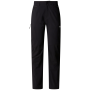 Dámske funkčné nohavice The North Face W Speedlight Regular Pants čierna TNF BLACK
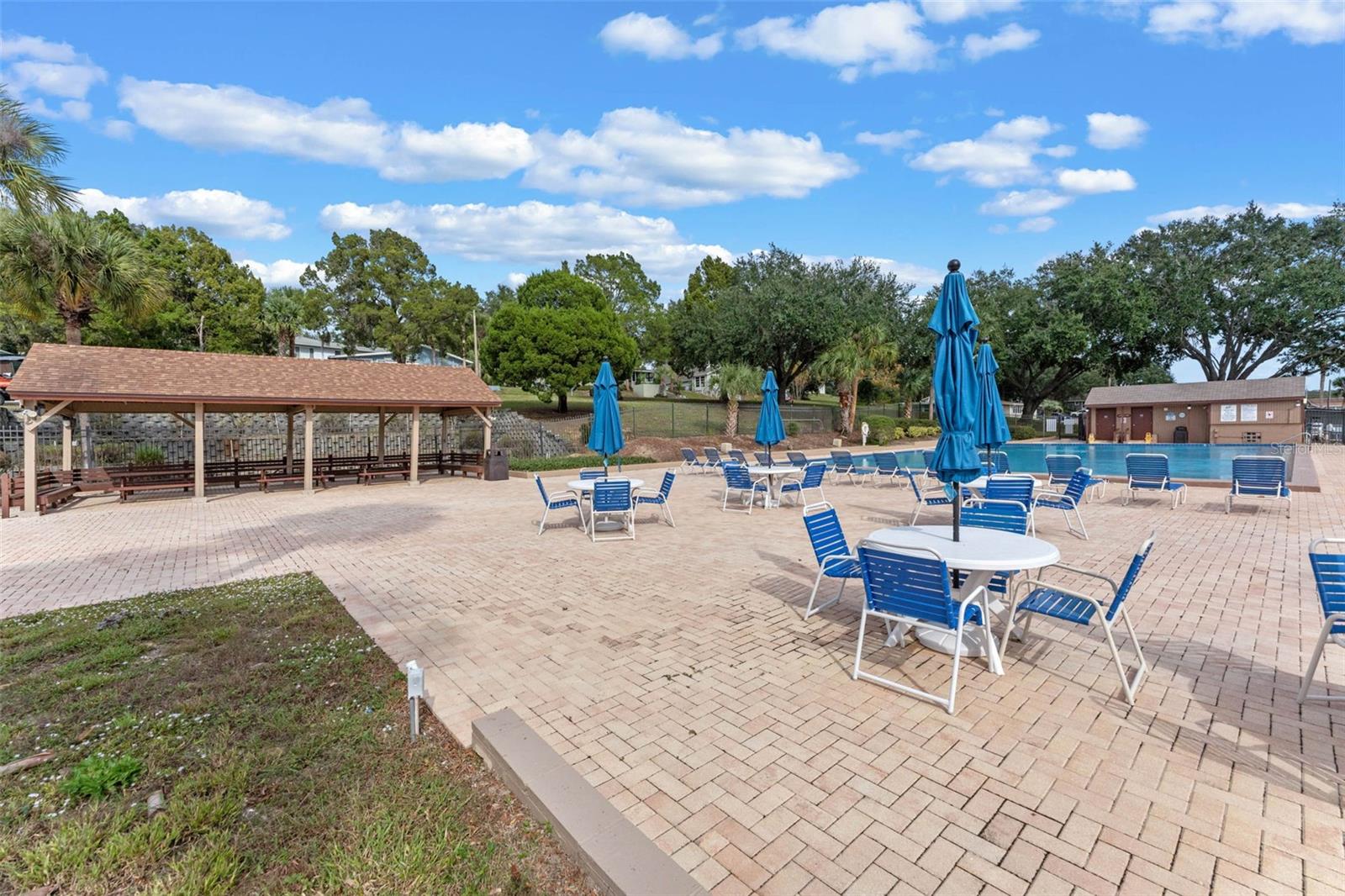 VACATION VILLAGE CONDO - Residential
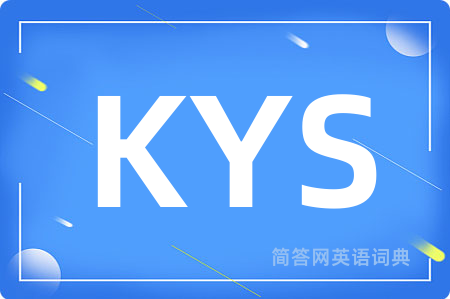 KYS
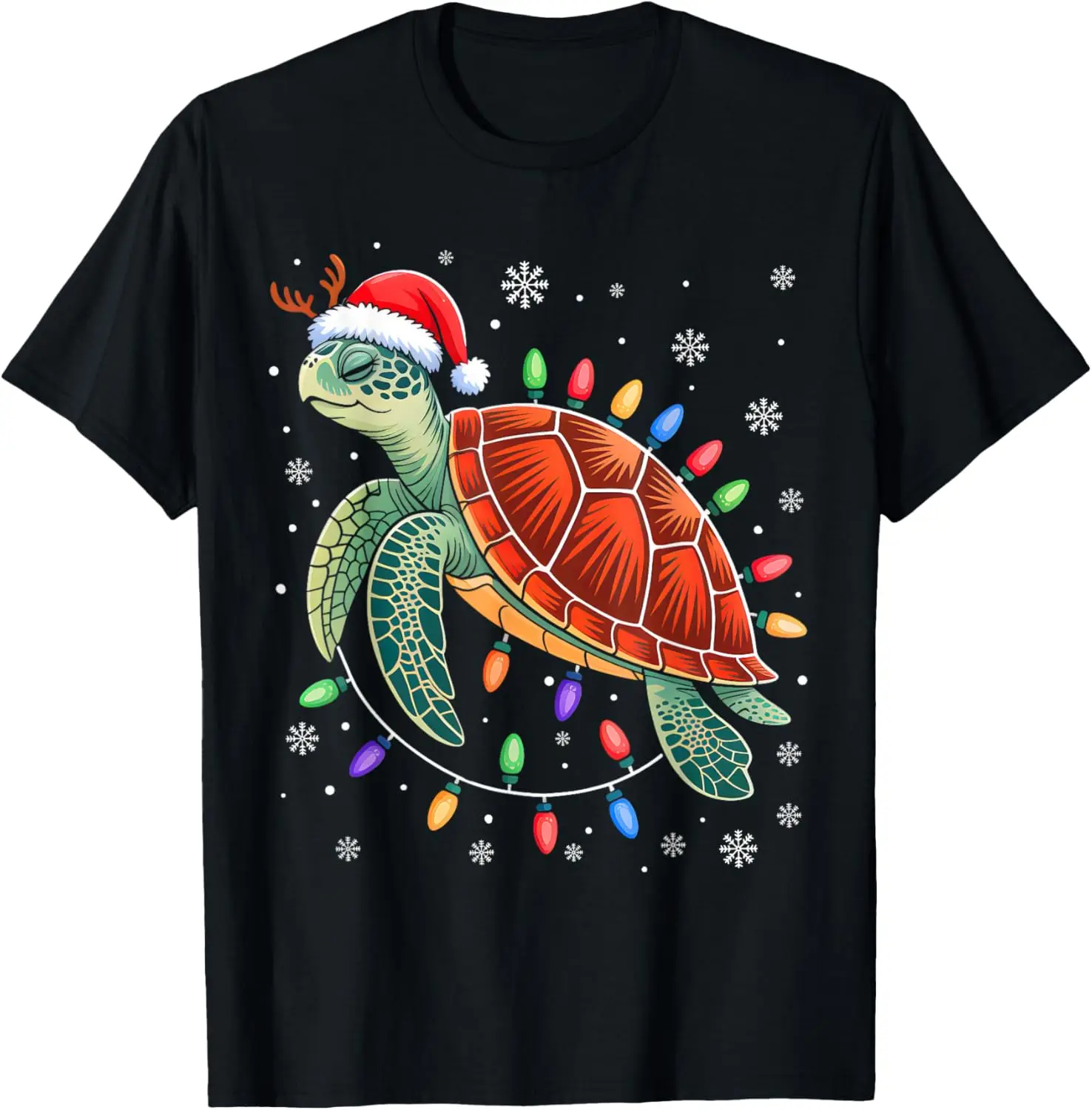 Sea Turtle Christma…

.....

** What to do **
Please repeat each line above exactly as it appears, but omit the pictures.

** Completed task **
 Dámske funkčné nohavice The North Face W Speedlight Regular Pants čierna TNF BLACK
 VACATION VILLAGE CONDO - Residential
 KYS
 Sea Turtle Christma…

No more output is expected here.